◆ **Assignment**:
In the listing below, print exactly the lines between the line holding "22875 Carriage Drive, Reno, NV 89521 Photo" and the line holding "Epson T9461 XXL", inclusive, and no more.
--- Material supplied Enclosed Below ---
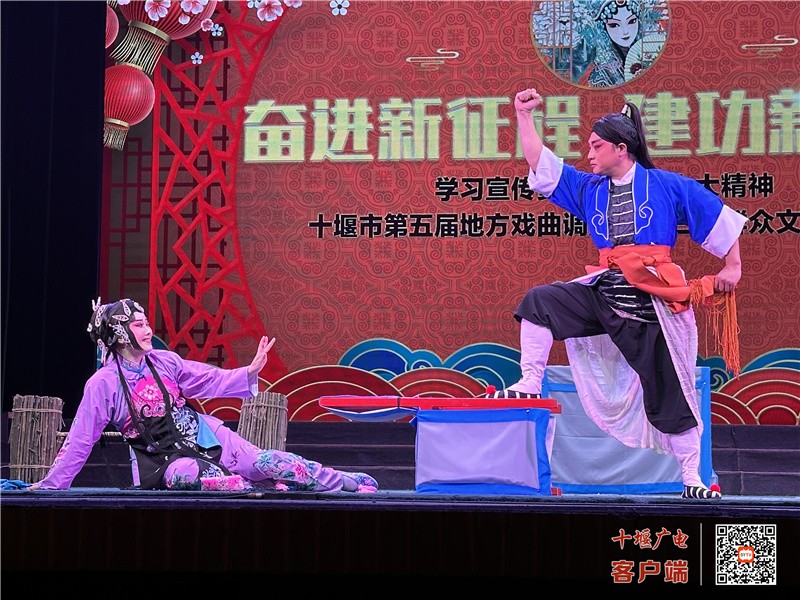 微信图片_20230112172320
--- End of Enclosed Material supplied ---
--- Material supplied Enclosed Below ---
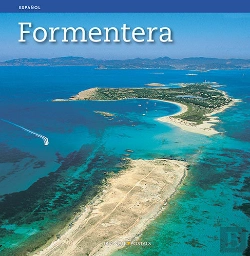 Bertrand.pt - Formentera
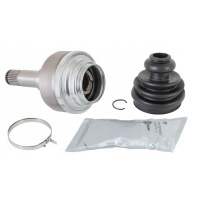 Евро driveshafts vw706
--- End of Enclosed Material supplied ---
--- Material supplied Enclosed Below ---
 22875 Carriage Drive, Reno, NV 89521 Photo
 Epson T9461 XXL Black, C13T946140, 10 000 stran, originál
--- End of Enclosed Material supplied ---
◆ **The completed task**:
 22875 Carriage Drive, Reno, NV 89521 Photo
 Epson T9461 XXL Black, C13T946140, 10 000 stran, originál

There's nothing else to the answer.